ACTIVITY: For this exercise, reproduce the entries below exactly, but only from the line containing "image showing yellow" through the line containing "Secret-RF-11", both included.
----------
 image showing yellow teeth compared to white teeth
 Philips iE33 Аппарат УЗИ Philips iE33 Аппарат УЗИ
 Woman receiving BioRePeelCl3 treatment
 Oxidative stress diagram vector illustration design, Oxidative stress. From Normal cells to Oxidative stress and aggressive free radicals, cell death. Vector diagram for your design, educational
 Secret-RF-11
----------
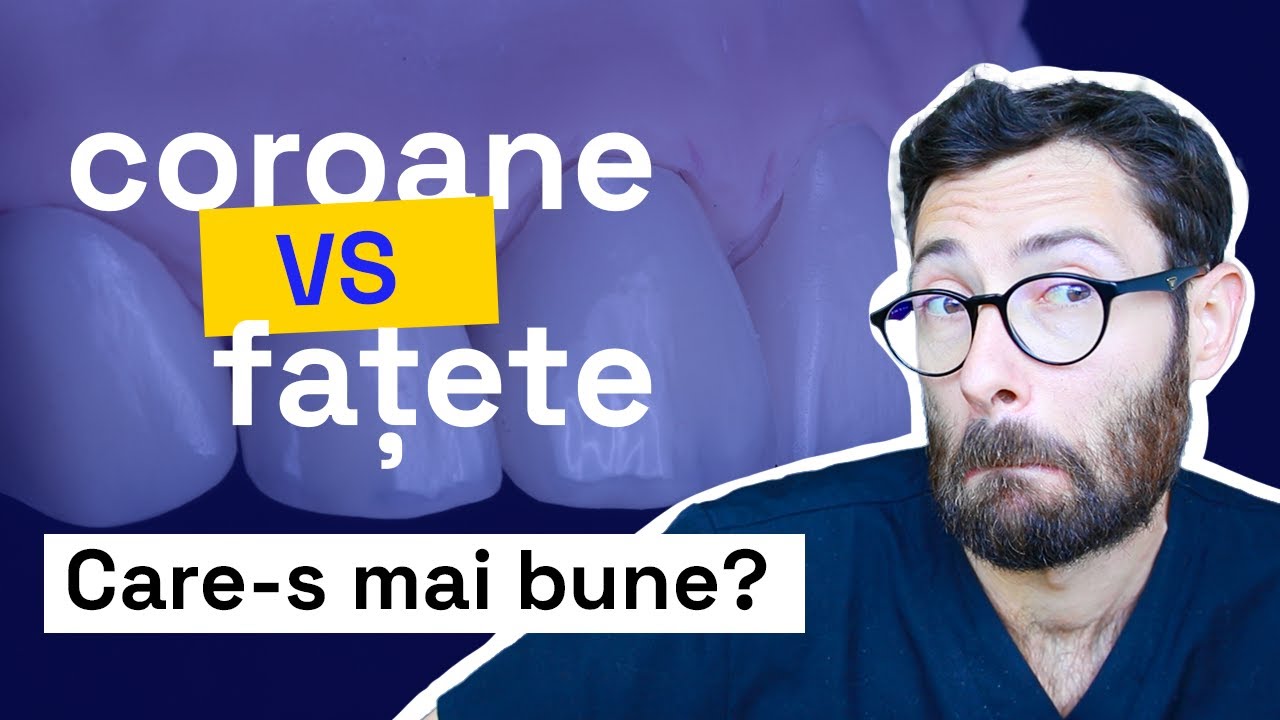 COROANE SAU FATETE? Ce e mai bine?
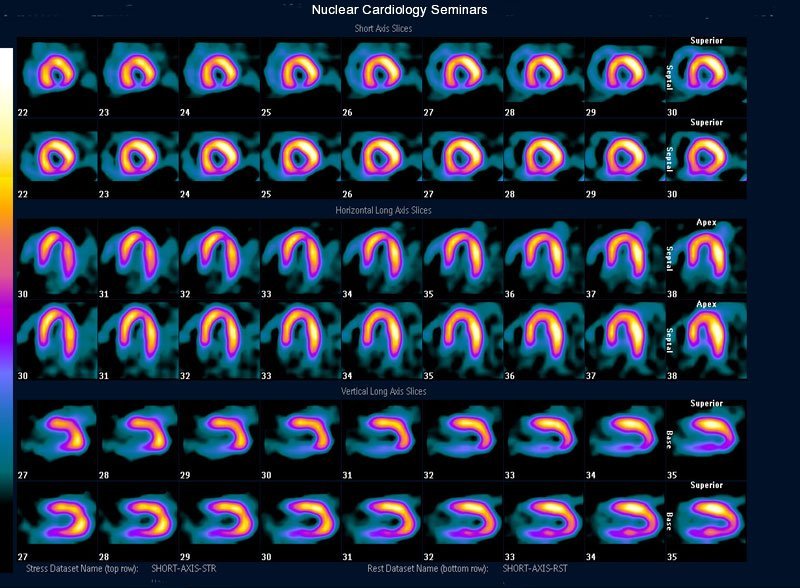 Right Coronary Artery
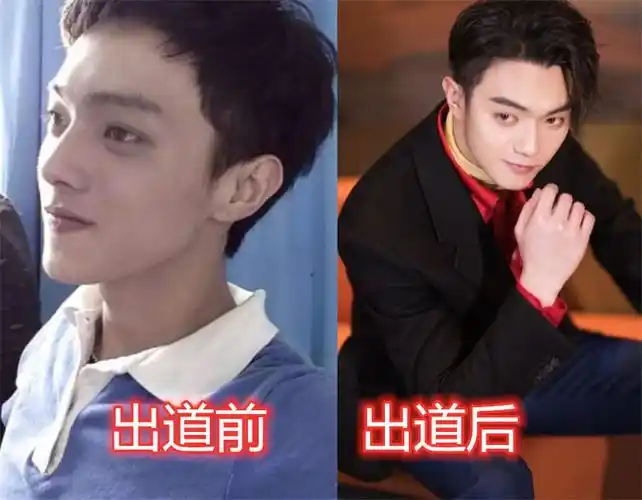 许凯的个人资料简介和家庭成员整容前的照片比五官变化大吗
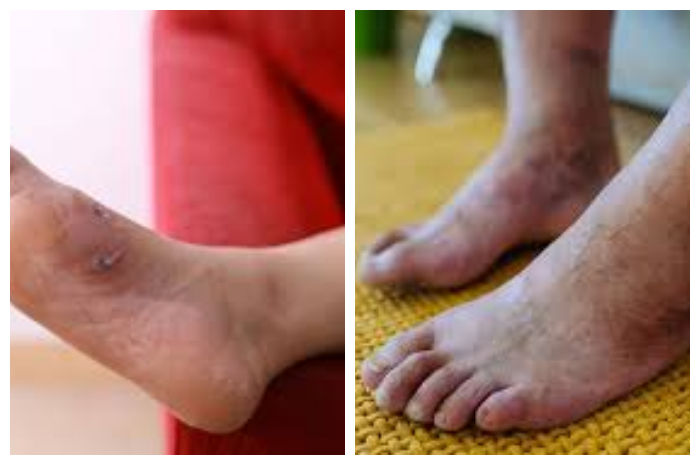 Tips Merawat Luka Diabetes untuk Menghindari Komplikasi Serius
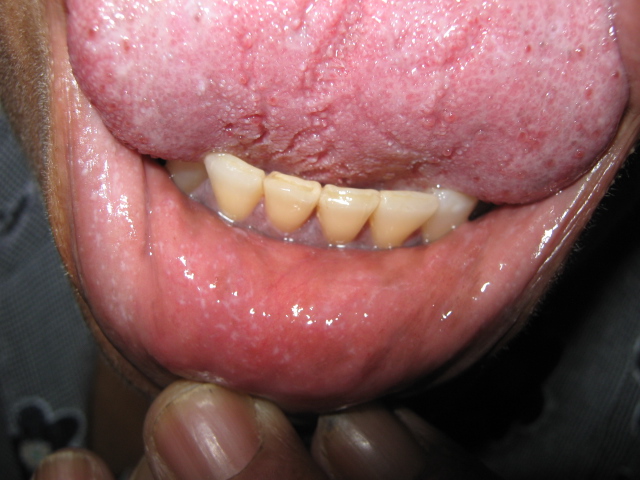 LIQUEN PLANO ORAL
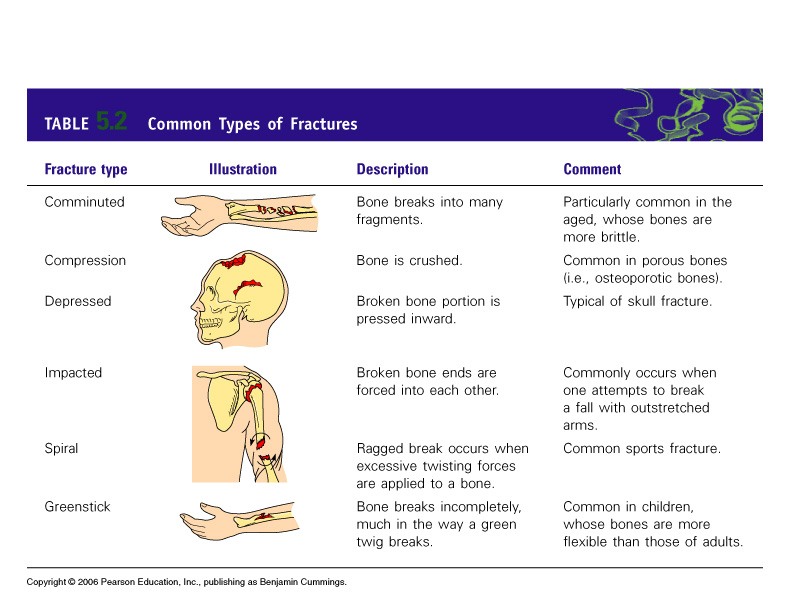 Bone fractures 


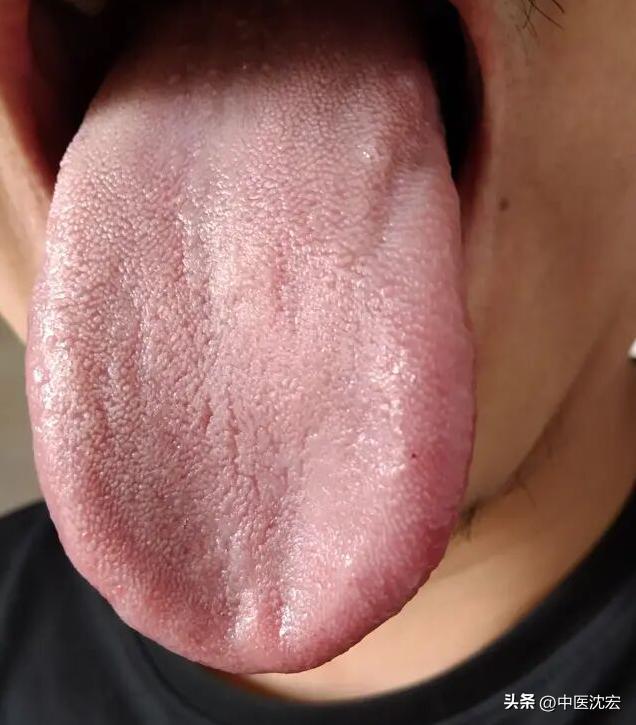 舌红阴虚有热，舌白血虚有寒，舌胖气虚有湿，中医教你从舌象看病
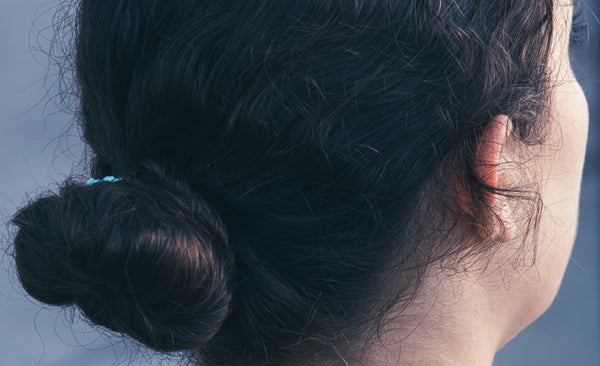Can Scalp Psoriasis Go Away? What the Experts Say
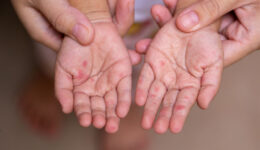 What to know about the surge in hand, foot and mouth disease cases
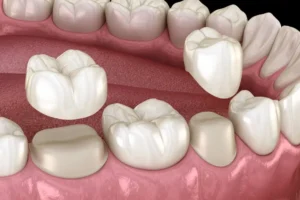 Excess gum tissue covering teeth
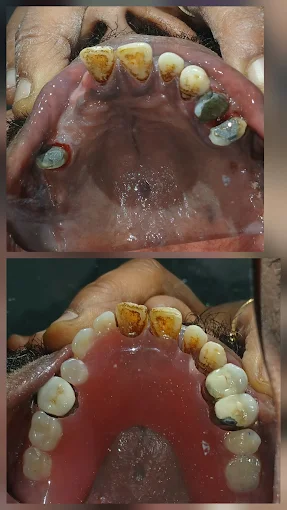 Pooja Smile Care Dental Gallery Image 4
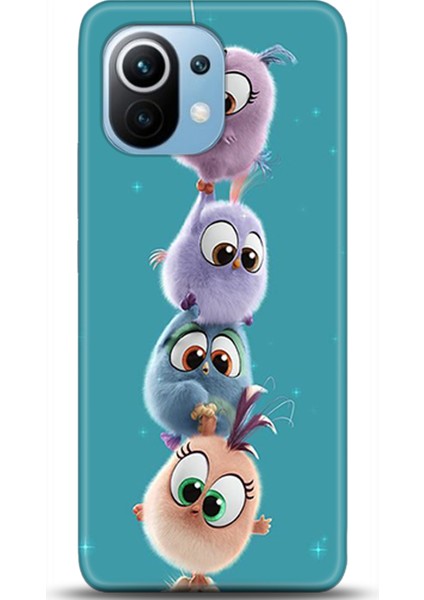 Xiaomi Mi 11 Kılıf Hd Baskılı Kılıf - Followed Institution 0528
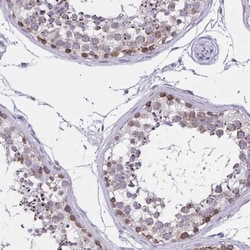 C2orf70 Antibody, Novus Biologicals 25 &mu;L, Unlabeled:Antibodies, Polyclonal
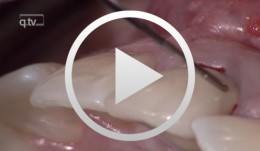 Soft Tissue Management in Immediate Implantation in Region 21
----------
ANSWER BOX:
 image showing yellow teeth compared to white teeth
 Philips iE33 Аппарат УЗИ Philips iE33 Аппарат УЗИ
 Woman receiving BioRePeelCl3 treatment
 Oxidative stress diagram vector illustration design, Oxidative stress. From Normal cells to Oxidative stress and aggressive free radicals, cell death. Vector diagram for your design, educational
 Secret-RF-11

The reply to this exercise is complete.